Saturday, November 11, 2017

ARMISTICE DAY 2017.

One Sunday last June, I decided to go for a walk with our son. I'm a big fan of the Ardennes, but this time for some reason I thought I'd venture westwards instead - towards Heuvelland, a hilly area in the south of the province of West Flanders.

The region is characterized by a number of low hills, of which the highest, the Kemmelberg, reaches a modest 156 meters.

During World War I it was a heavily contested feature.

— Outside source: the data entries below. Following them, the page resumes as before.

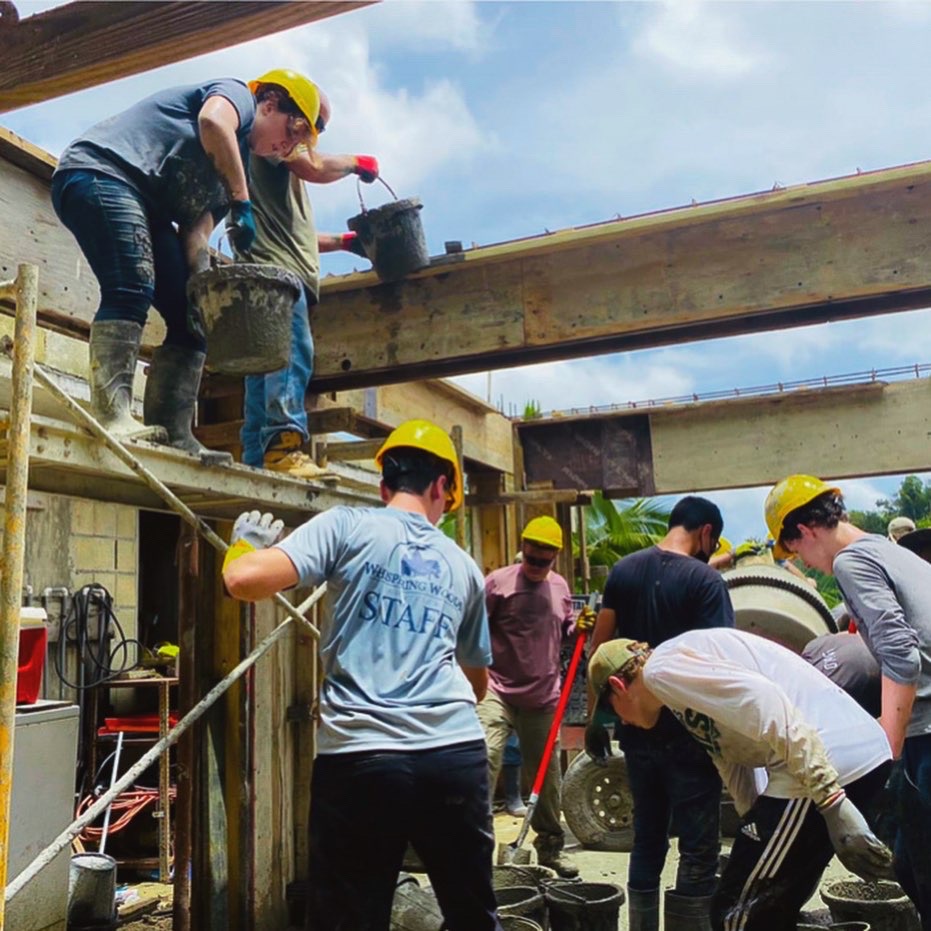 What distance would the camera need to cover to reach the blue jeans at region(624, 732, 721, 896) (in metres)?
A: 3.94

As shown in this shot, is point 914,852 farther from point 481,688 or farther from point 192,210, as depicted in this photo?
point 192,210

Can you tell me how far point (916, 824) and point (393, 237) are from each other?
379 centimetres

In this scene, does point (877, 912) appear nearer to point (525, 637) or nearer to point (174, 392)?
point (525, 637)

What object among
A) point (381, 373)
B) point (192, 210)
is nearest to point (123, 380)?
point (192, 210)

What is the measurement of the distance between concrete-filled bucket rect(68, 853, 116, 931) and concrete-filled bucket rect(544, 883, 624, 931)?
2.16m

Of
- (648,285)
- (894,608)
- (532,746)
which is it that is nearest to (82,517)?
(532,746)

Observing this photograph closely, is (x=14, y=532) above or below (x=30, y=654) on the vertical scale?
above

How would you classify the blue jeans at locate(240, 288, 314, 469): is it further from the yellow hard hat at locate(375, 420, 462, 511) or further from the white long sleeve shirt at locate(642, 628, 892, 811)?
the white long sleeve shirt at locate(642, 628, 892, 811)

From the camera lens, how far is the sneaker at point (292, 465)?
14.3 ft

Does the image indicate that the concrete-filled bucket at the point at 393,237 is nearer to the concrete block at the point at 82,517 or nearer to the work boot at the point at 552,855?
the work boot at the point at 552,855

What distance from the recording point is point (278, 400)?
4473 millimetres

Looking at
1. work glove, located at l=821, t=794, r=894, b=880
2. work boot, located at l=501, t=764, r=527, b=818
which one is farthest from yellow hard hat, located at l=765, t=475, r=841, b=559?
work boot, located at l=501, t=764, r=527, b=818

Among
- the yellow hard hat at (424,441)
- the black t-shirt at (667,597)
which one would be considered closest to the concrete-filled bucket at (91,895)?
the black t-shirt at (667,597)

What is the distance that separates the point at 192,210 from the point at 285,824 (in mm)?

This is what the Kemmelberg looks like today (view from the West):





This is what it looked like in 1918:





Near the summit, there's a Monument commemmorating the French soldiers who fell defending this hill:





When descending the road leading west from the monument, you come across an ossuary containing the remains of 5294 French soldiers, of which only 57 were ever identified:





I couldn't help but think of the contrast of our overjoyed boy, descending the sun-soaked western slopes, and the desperate troops who a hundred years ago clung to Kemmelberg in torrents of both water and steel.



After we came back in the village of Kemmel, to the east of the hill, I drove a couple of kilometers eastwards yet, where I knew there was huge man-made crater... one of those created when English mines ripped the Earth's innards out on June 7, 1917. Here, Canadians and British had for more than a year been digging a tunnel of 521m, at the end of which they placed 41314 kg of ammonal. The explosion on 7 June 1917 was one of 19 along the front in Flanders, meant to demolish the German frontlines. On this very spot, near the village of Wijtschate, was placed the largest of the mines, and the explosion caused a crater 27m deep with a diameter of 129m. It is said that the detonations of the 19 charges could be heard across the Channel. Not all exploded though...


... in total, 24 mines had been placed...

One, the Germans managed to defuse.

Another one blew up in 1955 following a lighting strike.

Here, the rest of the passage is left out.